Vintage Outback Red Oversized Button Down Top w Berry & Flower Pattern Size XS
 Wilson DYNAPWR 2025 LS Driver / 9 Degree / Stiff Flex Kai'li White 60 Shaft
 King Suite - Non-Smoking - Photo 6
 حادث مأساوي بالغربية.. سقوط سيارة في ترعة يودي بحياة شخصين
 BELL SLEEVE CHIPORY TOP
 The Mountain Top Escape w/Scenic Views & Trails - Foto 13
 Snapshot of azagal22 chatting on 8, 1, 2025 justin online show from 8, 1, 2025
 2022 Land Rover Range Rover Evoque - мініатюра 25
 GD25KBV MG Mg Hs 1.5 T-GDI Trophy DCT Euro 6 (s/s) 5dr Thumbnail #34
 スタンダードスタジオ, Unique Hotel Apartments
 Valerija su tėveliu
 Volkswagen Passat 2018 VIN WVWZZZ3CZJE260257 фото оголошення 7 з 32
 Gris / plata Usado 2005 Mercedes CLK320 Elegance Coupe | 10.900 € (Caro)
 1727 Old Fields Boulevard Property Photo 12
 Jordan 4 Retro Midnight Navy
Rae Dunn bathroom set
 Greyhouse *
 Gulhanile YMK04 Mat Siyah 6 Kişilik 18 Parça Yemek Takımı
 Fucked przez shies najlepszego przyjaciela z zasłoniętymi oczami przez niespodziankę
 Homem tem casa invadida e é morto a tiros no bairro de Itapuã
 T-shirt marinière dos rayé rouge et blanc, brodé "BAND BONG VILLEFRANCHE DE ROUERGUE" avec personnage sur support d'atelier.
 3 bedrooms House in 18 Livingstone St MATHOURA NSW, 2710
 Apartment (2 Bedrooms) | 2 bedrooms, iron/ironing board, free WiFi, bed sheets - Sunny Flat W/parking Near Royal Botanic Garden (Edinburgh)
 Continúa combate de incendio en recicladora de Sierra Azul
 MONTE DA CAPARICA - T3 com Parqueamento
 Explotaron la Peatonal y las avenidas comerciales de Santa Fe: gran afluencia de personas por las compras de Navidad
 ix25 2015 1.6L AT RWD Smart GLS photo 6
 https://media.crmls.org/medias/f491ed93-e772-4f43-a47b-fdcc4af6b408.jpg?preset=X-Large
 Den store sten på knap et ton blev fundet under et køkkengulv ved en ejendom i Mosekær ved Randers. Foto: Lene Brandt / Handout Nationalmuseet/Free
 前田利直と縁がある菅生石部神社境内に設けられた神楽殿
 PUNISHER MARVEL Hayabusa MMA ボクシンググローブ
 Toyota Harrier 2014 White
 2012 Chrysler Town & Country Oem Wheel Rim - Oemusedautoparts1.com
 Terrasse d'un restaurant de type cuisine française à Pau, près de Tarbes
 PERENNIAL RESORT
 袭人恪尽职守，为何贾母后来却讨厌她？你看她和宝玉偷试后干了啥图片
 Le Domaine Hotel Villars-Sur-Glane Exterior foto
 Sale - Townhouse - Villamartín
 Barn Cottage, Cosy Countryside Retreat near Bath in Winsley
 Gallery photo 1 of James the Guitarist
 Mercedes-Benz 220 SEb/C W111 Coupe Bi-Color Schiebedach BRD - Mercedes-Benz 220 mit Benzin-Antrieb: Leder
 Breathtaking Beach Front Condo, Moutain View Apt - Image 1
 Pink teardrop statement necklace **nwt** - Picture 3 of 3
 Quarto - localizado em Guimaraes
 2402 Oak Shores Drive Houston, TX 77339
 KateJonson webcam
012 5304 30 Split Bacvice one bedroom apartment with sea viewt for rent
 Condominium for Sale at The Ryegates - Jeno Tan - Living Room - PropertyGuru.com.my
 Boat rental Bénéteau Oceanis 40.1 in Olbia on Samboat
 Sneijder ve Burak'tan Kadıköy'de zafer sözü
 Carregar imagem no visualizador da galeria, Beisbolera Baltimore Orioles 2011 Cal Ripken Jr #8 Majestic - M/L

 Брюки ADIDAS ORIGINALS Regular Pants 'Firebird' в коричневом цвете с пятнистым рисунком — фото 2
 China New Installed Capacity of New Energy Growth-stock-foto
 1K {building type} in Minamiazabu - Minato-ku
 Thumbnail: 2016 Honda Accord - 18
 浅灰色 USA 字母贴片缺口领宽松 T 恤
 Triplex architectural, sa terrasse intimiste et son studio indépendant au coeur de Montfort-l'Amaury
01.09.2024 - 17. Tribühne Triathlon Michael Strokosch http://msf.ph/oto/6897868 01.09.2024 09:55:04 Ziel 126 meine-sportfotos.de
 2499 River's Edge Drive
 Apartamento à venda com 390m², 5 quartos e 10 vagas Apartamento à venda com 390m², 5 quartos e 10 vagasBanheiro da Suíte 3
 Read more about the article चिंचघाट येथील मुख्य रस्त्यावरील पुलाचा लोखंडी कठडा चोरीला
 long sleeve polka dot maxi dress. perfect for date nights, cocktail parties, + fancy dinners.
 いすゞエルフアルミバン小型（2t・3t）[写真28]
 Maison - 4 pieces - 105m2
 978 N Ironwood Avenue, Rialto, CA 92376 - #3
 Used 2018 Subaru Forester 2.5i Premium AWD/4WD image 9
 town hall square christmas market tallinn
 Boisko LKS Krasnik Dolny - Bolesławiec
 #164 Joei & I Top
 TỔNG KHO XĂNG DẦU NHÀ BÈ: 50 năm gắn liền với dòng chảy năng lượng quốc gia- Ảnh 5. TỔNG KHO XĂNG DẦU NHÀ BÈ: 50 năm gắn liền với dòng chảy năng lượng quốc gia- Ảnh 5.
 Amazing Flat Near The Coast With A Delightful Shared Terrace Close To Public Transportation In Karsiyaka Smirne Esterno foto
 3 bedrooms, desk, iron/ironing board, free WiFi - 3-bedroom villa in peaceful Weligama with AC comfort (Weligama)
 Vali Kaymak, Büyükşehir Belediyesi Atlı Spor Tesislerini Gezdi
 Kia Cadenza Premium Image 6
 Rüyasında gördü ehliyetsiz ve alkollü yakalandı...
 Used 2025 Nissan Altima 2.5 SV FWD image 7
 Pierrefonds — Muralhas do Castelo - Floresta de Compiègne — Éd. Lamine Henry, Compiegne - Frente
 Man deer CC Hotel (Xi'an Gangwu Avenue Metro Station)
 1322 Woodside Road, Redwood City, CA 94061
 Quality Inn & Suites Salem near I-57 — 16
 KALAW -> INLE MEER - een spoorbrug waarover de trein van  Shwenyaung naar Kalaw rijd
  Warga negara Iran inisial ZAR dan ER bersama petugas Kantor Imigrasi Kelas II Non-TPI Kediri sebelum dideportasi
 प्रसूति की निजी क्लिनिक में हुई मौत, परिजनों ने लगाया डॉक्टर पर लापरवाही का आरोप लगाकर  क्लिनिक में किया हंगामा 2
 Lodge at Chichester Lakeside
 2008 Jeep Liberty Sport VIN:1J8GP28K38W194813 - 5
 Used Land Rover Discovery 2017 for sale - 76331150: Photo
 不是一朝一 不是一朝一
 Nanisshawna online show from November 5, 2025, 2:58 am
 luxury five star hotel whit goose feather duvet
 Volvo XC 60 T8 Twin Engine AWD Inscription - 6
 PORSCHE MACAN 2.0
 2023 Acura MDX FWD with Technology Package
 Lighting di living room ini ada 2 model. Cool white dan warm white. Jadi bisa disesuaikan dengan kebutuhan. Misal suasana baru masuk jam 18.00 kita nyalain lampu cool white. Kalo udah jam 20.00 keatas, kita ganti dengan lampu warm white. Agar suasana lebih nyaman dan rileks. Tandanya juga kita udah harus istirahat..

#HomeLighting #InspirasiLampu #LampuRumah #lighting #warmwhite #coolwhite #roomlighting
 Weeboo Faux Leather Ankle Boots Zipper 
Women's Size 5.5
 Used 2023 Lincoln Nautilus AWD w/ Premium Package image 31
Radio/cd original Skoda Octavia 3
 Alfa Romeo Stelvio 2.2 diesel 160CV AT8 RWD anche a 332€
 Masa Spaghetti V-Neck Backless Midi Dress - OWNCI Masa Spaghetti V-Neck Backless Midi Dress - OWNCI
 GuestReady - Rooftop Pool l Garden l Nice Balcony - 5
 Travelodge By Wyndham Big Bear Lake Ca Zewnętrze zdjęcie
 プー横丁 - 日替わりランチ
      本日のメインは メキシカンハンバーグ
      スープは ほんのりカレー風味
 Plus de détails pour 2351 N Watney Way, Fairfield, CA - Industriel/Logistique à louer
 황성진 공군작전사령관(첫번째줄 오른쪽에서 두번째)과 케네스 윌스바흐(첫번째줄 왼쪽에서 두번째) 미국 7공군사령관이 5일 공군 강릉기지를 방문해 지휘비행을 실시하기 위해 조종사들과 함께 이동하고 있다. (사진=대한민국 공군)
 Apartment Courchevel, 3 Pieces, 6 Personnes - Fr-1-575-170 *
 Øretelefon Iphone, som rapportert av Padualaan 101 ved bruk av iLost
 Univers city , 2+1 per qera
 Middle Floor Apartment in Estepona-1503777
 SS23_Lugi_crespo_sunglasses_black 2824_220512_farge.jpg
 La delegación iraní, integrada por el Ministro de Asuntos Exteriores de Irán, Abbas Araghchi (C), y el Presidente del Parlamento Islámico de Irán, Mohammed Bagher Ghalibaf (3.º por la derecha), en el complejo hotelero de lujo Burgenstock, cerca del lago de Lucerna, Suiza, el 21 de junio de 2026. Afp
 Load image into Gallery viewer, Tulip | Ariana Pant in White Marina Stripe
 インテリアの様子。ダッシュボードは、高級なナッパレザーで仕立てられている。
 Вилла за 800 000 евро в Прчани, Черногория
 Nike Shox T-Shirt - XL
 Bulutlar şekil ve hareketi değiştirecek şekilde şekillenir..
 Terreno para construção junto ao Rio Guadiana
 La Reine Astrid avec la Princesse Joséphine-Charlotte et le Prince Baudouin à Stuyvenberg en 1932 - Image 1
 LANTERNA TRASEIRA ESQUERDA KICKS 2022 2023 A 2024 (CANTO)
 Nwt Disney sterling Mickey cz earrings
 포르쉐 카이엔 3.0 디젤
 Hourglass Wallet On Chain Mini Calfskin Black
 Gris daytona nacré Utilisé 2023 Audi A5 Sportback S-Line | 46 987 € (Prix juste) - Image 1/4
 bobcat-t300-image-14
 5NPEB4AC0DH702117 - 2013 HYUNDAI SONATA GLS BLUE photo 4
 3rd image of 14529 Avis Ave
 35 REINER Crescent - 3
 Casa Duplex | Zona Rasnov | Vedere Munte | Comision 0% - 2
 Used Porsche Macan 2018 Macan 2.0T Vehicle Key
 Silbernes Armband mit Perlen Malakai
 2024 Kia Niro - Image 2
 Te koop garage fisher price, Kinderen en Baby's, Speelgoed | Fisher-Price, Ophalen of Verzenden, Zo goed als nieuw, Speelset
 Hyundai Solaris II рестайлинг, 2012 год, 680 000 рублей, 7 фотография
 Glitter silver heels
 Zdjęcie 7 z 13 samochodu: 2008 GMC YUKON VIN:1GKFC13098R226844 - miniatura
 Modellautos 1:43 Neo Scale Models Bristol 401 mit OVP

#### [WHAT YOU NEED TO DO]
The line containing "Casa Duplex |" and each line after it through the end of the listing above must be printed exactly, with nothing added.

#### [ANSWER BELOW]
 Casa Duplex | Zona Rasnov | Vedere Munte | Comision 0% - 2
 Used Porsche Macan 2018 Macan 2.0T Vehicle Key
 Silbernes Armband mit Perlen Malakai
 2024 Kia Niro - Image 2
 Te koop garage fisher price, Kinderen en Baby's, Speelgoed | Fisher-Price, Ophalen of Verzenden, Zo goed als nieuw, Speelset
 Hyundai Solaris II рестайлинг, 2012 год, 680 000 рублей, 7 фотография
 Glitter silver heels
 Zdjęcie 7 z 13 samochodu: 2008 GMC YUKON VIN:1GKFC13098R226844 - miniatura
 Modellautos 1:43 Neo Scale Models Bristol 401 mit OVP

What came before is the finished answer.